As a result, the phase of the audio signal 5a input from the microphone 3a and the audio signal
5b 'input from the microphone 3b and delayed by the delay unit 13 coincide with each other, and
these two signals are superimposed in the same phase by the adder 13. It will be done.
[0015]
As a result of the speaker's voice signal being time-phase-matched and added, its volume level is
doubled. On the other hand, since random noise is a random signal, the level does not increase
even if these are added, so that the signal after addition has a relatively improved S / N ratio of
the audio signal. . For example, when the microphones 3a and 3b are nondirectional and the
wavelength of noise is shorter than (ta-tb), the improvement is about 6 dB at the maximum.
[0016]
Although the case where the speaker is the driver 4 is described above as an example, the same
operation is performed when the speaker changes from the driver 4 to, for example, a passenger
in the front passenger seat, and the passenger To follow the voice and enhance the voice signal
to improve the S / N ratio.
[0017]
10-04-2019
5
In the above embodiment, the speech signal is divided into n bands by the band pass filter groups
7a1 to 7an and 7b1 to 7bn to obtain the correlation, but without performing such band division,
each of the microphones 3a and 3b The correlation between the signals of the system may be
determined.
That is, the band pass filter groups 7a1 to 7an and 7b1 to 7bn may be replaced by one band pass
filters 7a and 7b which pass the voice band.
[0018]
Various modifications are possible in the practice of the present invention. For example, although
the above embodiment describes the case where two microphones are provided as audio input
signals, the present invention is not limited to this, and if the number of microphones is further
increased, the S / N ratio of the present invention can be increased. The improvement effect is
further improved.
[0019]
FIG. 5 shows an embodiment in which three microphones are provided. In the figure, a driver 41,
a passenger 42 in the rear seat, audio speakers 43L and 43R on the left and right, and external
noise 44 are assumed as sound sources. The three microphones 3 a, 3 b and 3 c are disposed at
three locations around the driver 41.
[0020]
Here, in order to simplify the explanation, the operation will be described assuming that impulse
sound is generated simultaneously from each sound source. At this time, time until sound waves
reach the microphones 3a, 3b, 3c is shown in FIG. As illustrated, the sound source signals
reached by the distance between each microphone and each sound source have a time difference.
10-04-2019
6
[0021]
Next, the degree of correlation between the sound source signals input to the microphones 3a, 3b
and 3c is determined by a cross correlator. In this case, as shown in FIG. 7, the correlation degree
11 is calculated with the microphones 3a and 3b, 3c and 3b, and 3a and 3c as a set, respectively,
and the time difference Δt of each sound source signal is determined based thereon. Out of
these, the voice signal of the driver 41 is extracted, and the voice signals inputted to the three
microphones are phase-matched and added to emphasize the voice signal to reduce noise.
[0022]
Here, four methods (1) to (4) for extracting the sound of the driver 41 from the respective sound
sources 41, 42, 43L, 43R, 44 will be described below. (1) Usually, the position of the mouth of
the driver 41 when the driver 41 sends a speech is within a certain predictable range as long as
the driver 41 does not move abnormally.
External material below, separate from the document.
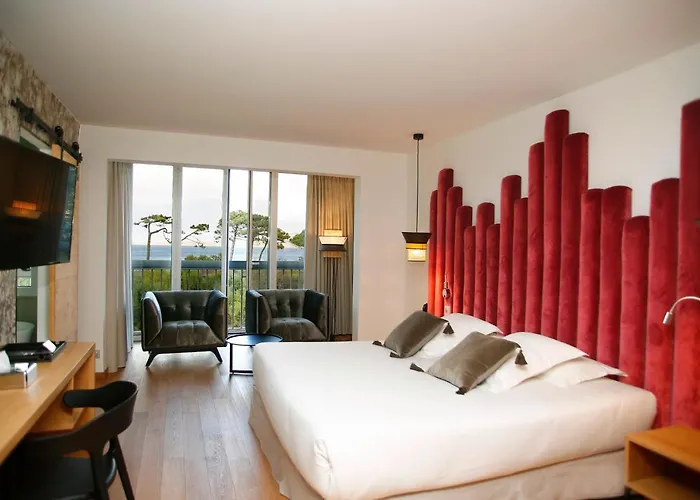 Onda Hotel Calvi (Corsica)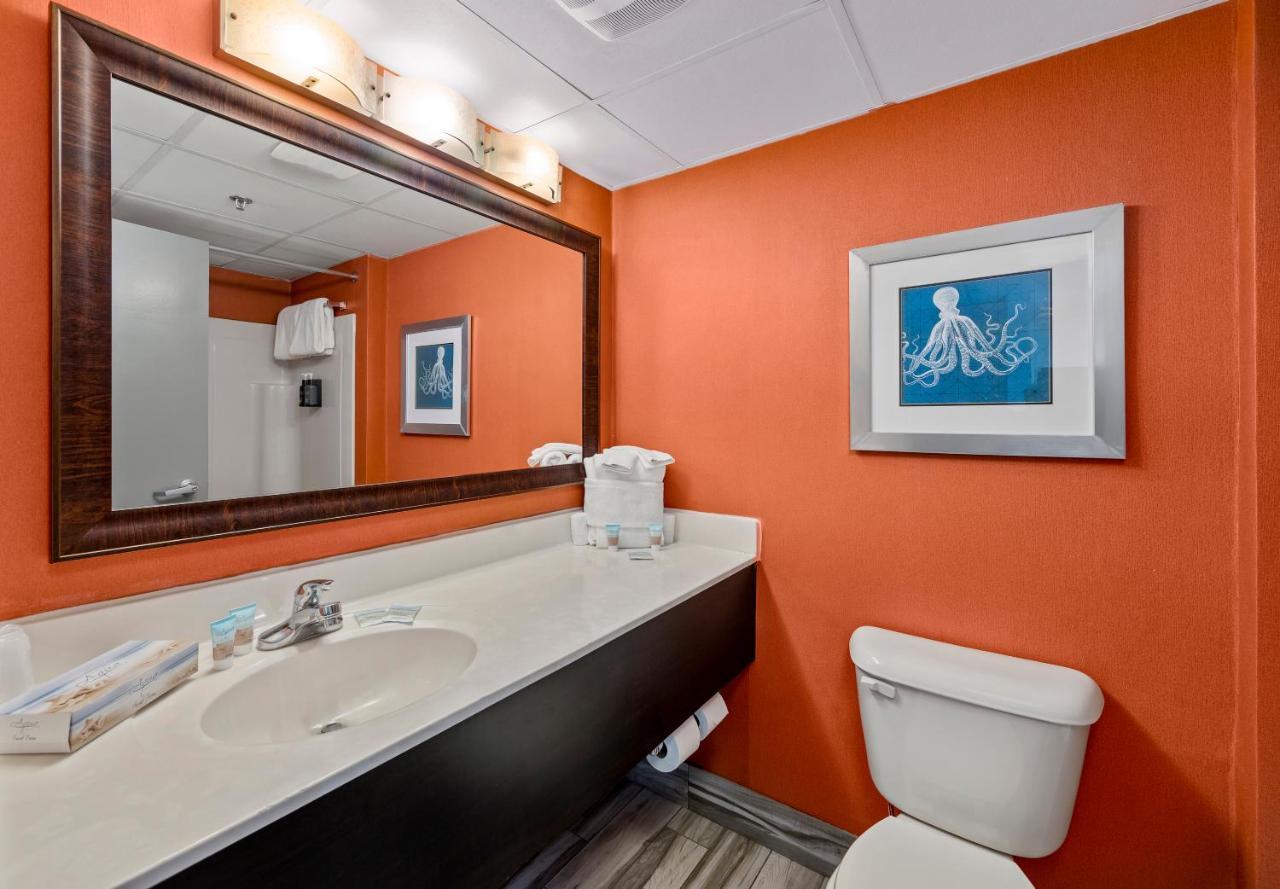 Hotel Monte Carlo Ocean Ocean City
For example, it can be considered that there is a driver's
41 mouth around the hatched area 22 in FIG. From this range area 22, it is possible to predict
the possible range of the time difference of the voice signal of the driver 41 for the abovementioned sets of microphones, ie, the sets of microphones 3a and 3b, 3c and 3b, and 3a and 3c.
[0023]
The range which limits this time difference is shown by hatching 20 in FIG. The limited space
range in the vehicle compartment corresponding to the time difference of the hatched portion 20
is the range surrounded by hyperbolic lines 21ab, 21cb and 21ac in FIG. The range satisfying the
AND condition of this limited space range is the above-mentioned hatched region 22, and the
sound source satisfying this AND condition is always in this hatched region 22, and the sound
source is the driver 41.
[0024]
Therefore, as shown in FIG. 7, the time differences Δt of the respective sound sources 41, 42,
43L, 43R, 44 are determined for three sets of the microphones 3a and 3b, 3c and 3b, 3a and 3c,
and these are shown as hatched portions 20ab and 20cb, respectively. If, by limiting the range of
the time difference by 20 ac, only the sound source present in it is extracted, and then the sound
source common to three sets of these extracted sound sources is extracted (ie, if the AND
condition is taken), This is an audio signal of the driver 41 in the hatched area 22 in FIG.
10-04-2019
7
[0025]
(2) Next, for example, when the passenger 42 in the rear seat speaks by approaching near the
boundary of the hatched area 22, the noise reduction device of the present invention does not
erroneously follow the voice of the passenger 42. And the driver 41 are distinguished, and the
method of raising the extraction accuracy of the driver 41's voice is described.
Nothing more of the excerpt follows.